Though international journalists, and policy officials who should know better, frequently write and talk about a Chinese manned lunar mission, as yet there is no such official program. Individuals in China sometimes speak about manned lunar landings as a given (sometimes just to chafe and spin-up U.S. officials), but that is not the case. Ouyang ziyuan, a geologist and chief lunar scientist for the robotic Chang’e lunar exploration program, for example, has long and very publicly endorsed a manned lunar mission and his comments are often mistaken by Western media as official government policy. He also hints at exploration of the moon for Helium-3, a potential fuel for a fusion reactor. Mining Helium-3 as an economic rationale for lunar exploration once made its way through Washington circles as well -though no fusion reactor exists where it could be used. While the potential for lunar mining is very real, it is also a very long way off. Use of this rationalization now may signal efforts by scientists to address political questions about “return on investment”.

It has only been in recent years that a manned lunar mission has been seriously discussed in China, first within the space community and then among decision-makers. Chinese officials prudently first focused on testing requisite capabilities through the manned Shenzhou and robotic Chang’e programs. While there is certainly enthusiasm among some groups, there is also skepticism- just as there was in the United States regarding the Apollo program -among some scientists and politicians that such a program would require too much focused funding in one scientific area, at the expense of others. Still, Chinese leaders are aware that China has reaped significant regional -and global- geostrategic benefits, including the demonstration of technical prowess and attracting students to science and engineering programs, as well as dual-use military capabilities, from its space efforts. Though it is likely that a merging of the Chang’e and Shenzhou programs will eventually be officially approved and expanded as a manned lunar program, it has not occurred yet. In the meantime though, China has already reaped considerable political benefits from its space successes, including extensive international media coverage of Chinese human spaceflights.

The 1957 launch of Sputnik was a huge psychological boost for both the Soviet people and the Soviet government during the Cold War, and conversely a huge blow to both the people and the government of the United States (Johnson-Freese, 2004). Pride, and a consequent “rallying-around” in the Soviet Union after Sputnik (as experienced as well in the United States after the Apollo moon landing), also translated into credibility and hence governmental legitimacy. Credibility and legitimacy are important considerations in Beijing as well. Shenzhou V carried yang Liwei, the first Chinese astronaut, or taikonaut, into orbit in 2004. One Chinese official stated of that launch, “This is not America where money comes from the taxpayers. This is money of the Communist Party -they would do with it what they decide. It is great they are investing in something that makes us proud” (Bezlova, 2003). Beijing’s interest in manned spaceflight for reasons of domestic pride and international prestige parallels its interest in bringing the Olympics to Beijing in 2008. Indeed, yang carried an Olympic flag with him into orbit, unfurling it ceremoniously upon his return.
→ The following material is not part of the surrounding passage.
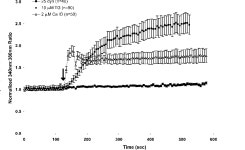 [PDF] Smooth muscle cells contract in response to fluid flow via a Ca2+-independent signaling mechanism. | Semantic Scholar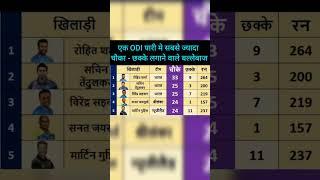 एक ODI पारी मे सबसे ज्यादा चौका-  छक्के लगाने वाले बल्लेबाज #ipl #viral #cricket #odiworldcup 2023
Most post-launch Shenzhou V celebrations appeared largely choreographed, as opposed to the many celebrations that spontaneously erupted when Beijing was named the 2008 Olympic host city. The space mission was both an event meant to be filmed and shown to the world, and one directed by and supported from the top levels of government. Having planned celebrations at the Millennium Monument rather than in Tiananmen Square also deflected comparisons with or reference to other times in Tiananmen that were neither celebratory nor reflective of national pride and unity. Symbolism is important.

Launching a person into orbit is a technical feat not achieved by any of the other regional space contenders, including Japan and India, and it carries with it significant leadership cachet. Officials from around the world, and particularly the region, sent congratulatory telegrams to President Hu Jintao. Initial Japanese responses to the launch varied. Some space officials discounted the technical significance of the event while nonetheless congratulating China. One Japanese official spoke directly in geostrategic terms.

Japan is likely to be the one to take the severest blow from the Chinese success. A country capable of launching any time will have a large influence in terms of diplomacy at the United Nations and military affairs. Moves to buy products from a country succeeding in manned space flight may occur (Japan Economic Newswire, 2003).

Space Activities Commission member Hiroki Matsuo candidly stated that “discussions on manned space flight have long been simmering in Japan”, and he further implied that the launch would likely trigger a reconsideration of Japanese goals for space development. One woman on the street was quoted in Japanese media coverage as saying, “It’s unbelievable. Japan lost in this field” (Japan Economic Newswire, 2003).

In India, however, space officials downplayed the technical aspects of China’s launch, confidently asserting that India could do the same if it chose to, which they said it did not. Economics and need (what can a manned mission achieve that an unmanned mission cannot?) were cited as reasons for that choice (Agence France Presse, 2003).

However, then Indian prime minister Atal Bihari Vajpayee congratulated China on its success and publicly encouraged Indian scientists to work toward a manned lunar mission. “Those who wonder what could be achieved by such space missions simply want the status quo to continue”, he proclaimed prior to the launch (Agence France Presse, 2003). It is unclear to or about whom he was speaking -the rest of the world, his own scientific community, or perhaps both. Just two days after China’s taikonaut launch, India launched into orbit its most sophisticated remote sensing satellite to date. The lack of consequent fanfare certainly validated Beijing’s manned spaceflight approach for maximum prestige value.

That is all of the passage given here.